Two days later, Simmons would travel to nearby Russellville, where he would gun down a young woman who he was (by all accounts) infatuated with but who had turned down his advances. He would take shots at several people throughout the town over the following hours, killing one more person (who was no more than a stranger to him) before he gave himself up to police and handed over his weapon. He was ultimately found guilty of all 16 murders and sentenced to death.
In a bizarre twist to an already extremely dark tale, Simmons would need to be kept separate during his time spent on death row due to threats on his life from other prisoners. This wasn’t due to the horrific nature of his crimes, nor that he had sexually abused his own daughter (before murdering her), but because his refusal to appeal his death sentence, they believed, would weaken their own chances of appeal. Simmons was executed by lethal injection in June 1990.
Shortly after 11:00 AM on Christmas Day 2011, 56-year-old Aziz Yazdanpanah donned a Santa Claus costume and declared he wanted to be “all fatherly” to his family when he showed up at their apartment in the Dallas-Fort Worth area. Then he shot his estranged wife, their two teenage children, his sister, his brother-in-law, and their 22-year-old daughter dead before shooting himself.
Although it was well-known to those who knew him that Yazdanpanah was having problems with his marriage, his increasing financial difficulties weren’t as commonly known. As we have looked at in several other such cases on this list, the murders by Yazdanpanah appear to have been the result of a mind that had simply broken.
According to the police reports, it was Yazdanpanah himself who had called police at 11:34 AM, stating to them, “Help. I am shooting people.” A text, later found on the phone of his murdered niece, was sent at 11:15 AM, stating, “Now he wants to be all fatherly and win father of the year.” It is believed that shortly after that text was sent, the murders began.

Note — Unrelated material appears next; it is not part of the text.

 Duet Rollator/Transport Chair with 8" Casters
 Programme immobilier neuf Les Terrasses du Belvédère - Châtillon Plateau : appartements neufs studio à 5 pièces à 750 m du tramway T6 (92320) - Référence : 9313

When police arrived at the scene, they found evidence of what appeared to be an attempt to “frame” his dead brother-in-law, as one of the guns used in the killings had been placed in his hand (presumably by Yazdanpanah). Police would state that at some point after making the phone call to authorities, he suddenly became “overwhelmed,” possibly having come to the awful realization of what he had done, so he simply turned the gun on himself.